I'm a manager of a network where the standard browser is IE11. Just three simple reasons:
1) In the early days of Windows 10, when Edge came out and was new and exciting, it was immediately obvious that little had been done to make the kind of in-depth control available in IE, accessible, or exposable, even to advanced users. Features had been stripped out. "Power users" whose preferred/required workflow involves large tab counts (we have those, and it's a deep personal preference apparently) found Edge less capable/efficient. Users who expressly *didn't* want to save web pages as PDF didn't have a choice. Some of that got added back in by extensions, but the thing about extensions is, they aren't guaranteed to be supported. Nobody actually liked it, compared to IE, and that memory of early stage complete let-down is probably persistent.
2) Edge was bundled with Windows 10 only. Windows 10 changes daily, because it's "a service". It breaches peoples privacy to the point that we had to put in custom firewall rules and system policies to block telemetry entirely, because under W10 it became so much *more* pervasive (speech to text being sent to yourselves, who can tell what else) that it's not actually possible to tell what personal data is being sent and prevent it neatly within the system. That's a whole other issue, but is strongly if indirectly relevant to Edge migration whatever ones view. To underline the point, before W10 there wasn't a mass "block telemetry" issue, with W10 there was. Service packs were unreliable. Drivers couldn't be blocked even if things broke. (Remember the old sysadmin adage about not upgrading until SP1 came out? Case in point)

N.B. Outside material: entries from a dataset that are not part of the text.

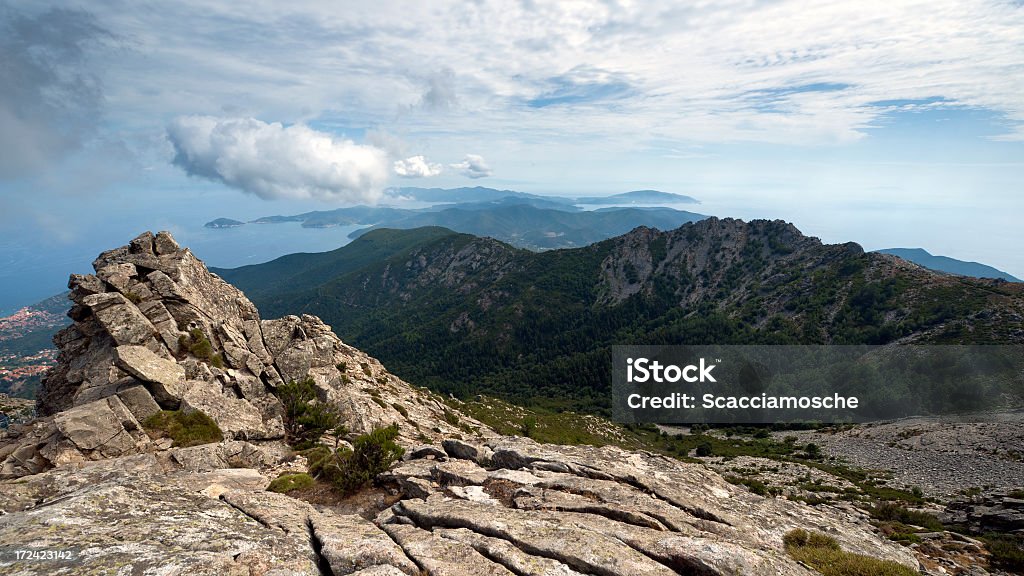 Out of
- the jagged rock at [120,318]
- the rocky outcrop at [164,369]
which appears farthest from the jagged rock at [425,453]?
the jagged rock at [120,318]

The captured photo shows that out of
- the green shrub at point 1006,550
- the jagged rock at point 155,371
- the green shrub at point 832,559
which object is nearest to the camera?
the green shrub at point 832,559

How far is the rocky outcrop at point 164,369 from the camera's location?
2208 cm

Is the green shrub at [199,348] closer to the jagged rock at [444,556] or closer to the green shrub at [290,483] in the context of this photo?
the green shrub at [290,483]

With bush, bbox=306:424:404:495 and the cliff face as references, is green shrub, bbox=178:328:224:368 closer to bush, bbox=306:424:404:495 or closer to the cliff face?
the cliff face

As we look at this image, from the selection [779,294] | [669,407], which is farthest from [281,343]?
[779,294]

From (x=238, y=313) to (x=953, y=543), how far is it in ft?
181

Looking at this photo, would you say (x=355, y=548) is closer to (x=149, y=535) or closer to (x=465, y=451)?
(x=149, y=535)

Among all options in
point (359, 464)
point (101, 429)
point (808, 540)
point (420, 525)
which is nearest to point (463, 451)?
point (359, 464)

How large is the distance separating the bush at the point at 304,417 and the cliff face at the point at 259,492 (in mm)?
1047

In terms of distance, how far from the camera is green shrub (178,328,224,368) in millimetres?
32000

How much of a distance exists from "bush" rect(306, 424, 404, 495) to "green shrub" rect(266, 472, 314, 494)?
2.78 ft

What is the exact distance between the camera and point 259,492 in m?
15.4

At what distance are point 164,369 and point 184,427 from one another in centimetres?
585

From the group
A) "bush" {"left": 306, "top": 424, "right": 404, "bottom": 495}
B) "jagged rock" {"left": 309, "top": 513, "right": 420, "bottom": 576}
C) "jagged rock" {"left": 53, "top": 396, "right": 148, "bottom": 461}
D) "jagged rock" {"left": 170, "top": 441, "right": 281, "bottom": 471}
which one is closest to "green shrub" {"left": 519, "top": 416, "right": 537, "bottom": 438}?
"jagged rock" {"left": 170, "top": 441, "right": 281, "bottom": 471}
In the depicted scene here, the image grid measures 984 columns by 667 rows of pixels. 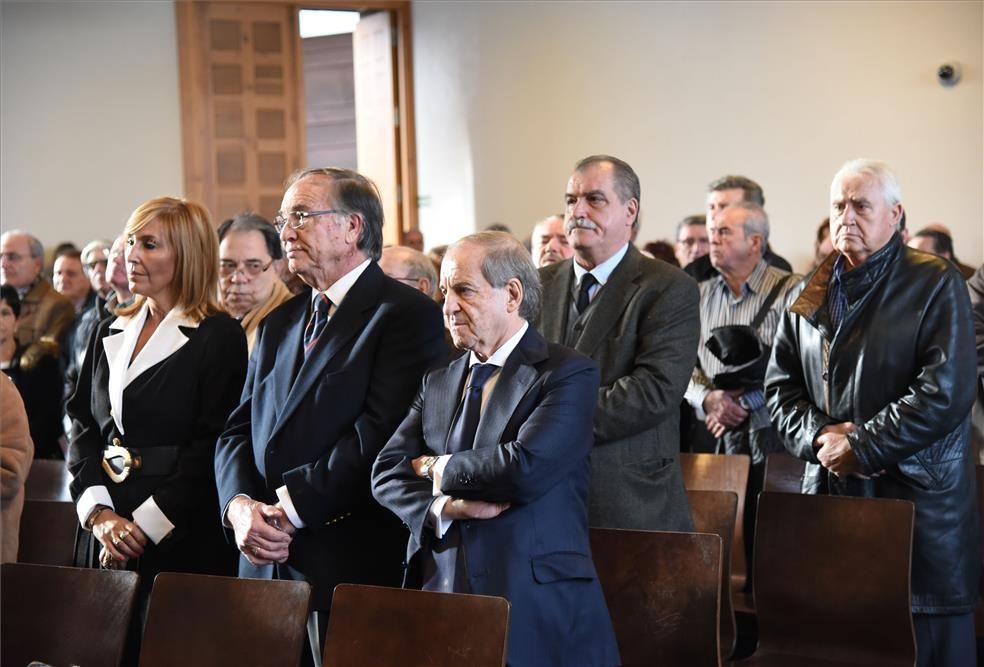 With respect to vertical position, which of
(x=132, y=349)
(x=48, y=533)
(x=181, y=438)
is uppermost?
(x=132, y=349)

3) Microsoft built in their own browser (of course, but still), which meant that users who stuck with W <= 8.1 also stuck with IE. And as it works for them, they'll probably keep sticking with it.
That combination of constant unpredictable change/instability, constant breakage, chasing "new" in preference to "solid" or "stable", indifference to privacy (telemetry still can't be cut off completely from within any usual version of Windows or Server) and an air of indifference to the issues it caused, led a significant number of companies and individuals to decide to avoid W10 as far as possible. Which meant, essentially, avoiding Edge. The idea that Edge was exclusive to W10, probably intended as an upgrade incentive, backfired for these people, as instead of deciding "Want Edge -> Get W10", they decided "Don't want/need Edge either, or enough to get W10 -> IE is good enough". The existing OS has an existing browser... "why use unfamiliar" goes the logic.
As a final thought, IE is only problematic because of Microsoft's own past decisions to build it so. IE incompatibility and Microsoft's lengthy policy of "embrace, extend, extinguish" applied to the browser and other matters, were notoriously features of Microsoft WIndows policy for many years. Edge is living, in a way, with their long term consequences.
Edge essentially failed because of Microsoft's own choices - to make an OS with features that deterred a significant group of people, a browser that was said to be new and shiny but had major disillusioning gaps for those used to browsers, and to try and associate them exclusively, so that the exclusive Edge would act as leverage to migrate users to the new OS, whereas for a substantial group of users, the issues with OS and Edge alike acted as a deterrent to avoid both.
Microsoft mismanaged Edge in the early days, and that's still the burden it's living with. IE is mainly a problem because of Microsoft's own direct choices in the past and its decisions about how IE should behave. The matters that were problems then for those users will still be problems now.
I'm not actually sure *how* you work around that kind of millstone.